Né en 1932, M. Ca Son s’est engagé dans l’Armée populaire vietnamienne à l’âge de 17 ans. En 1954, le jeune homme est parti à Diên Biên Phu, alors qu’il n’avait que 22 ans. Il s’est retrouvé soldat sur la colline A1 (Éliane 2 pour les combattants français) où il est resté 38 jours.

Émotions sincères envers l’ennemi

À l’approche de la célébration du 60e anniversaire de la victoire de Diên Biên Phu, le souvenir des ces journées difficiles l’envahissent à nouveau.

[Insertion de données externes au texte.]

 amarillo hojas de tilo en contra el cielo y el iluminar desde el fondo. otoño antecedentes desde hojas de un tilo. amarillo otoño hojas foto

Chaque fois qu’il se rappelle de ses amis de tranchées, il ne peut cacher ses émotions. «Quand j’évoque la bataille de Diên Biên Phu avec mes élèves et mes étudiants, je ne leur parle pas de l’esprit courageux des soldats vietnamiens, ni même des vagues d’assaut. Je leur raconte que la colline A1 s’étendait sur une superficie de 2.000 m², qu’environ 3.000 soldats vietnamiens y ont trouvé la mort et que chaque centimètre de terrain était inondé du sang de nos frères d’armes. Je leur ai expliqué que s’ils se rendaient sur cette colline, il leur faudrait mettre des bâtonnets d’encens absolument partout. Les jeunes ont beaucoup pleuré», confie M. Ca Son.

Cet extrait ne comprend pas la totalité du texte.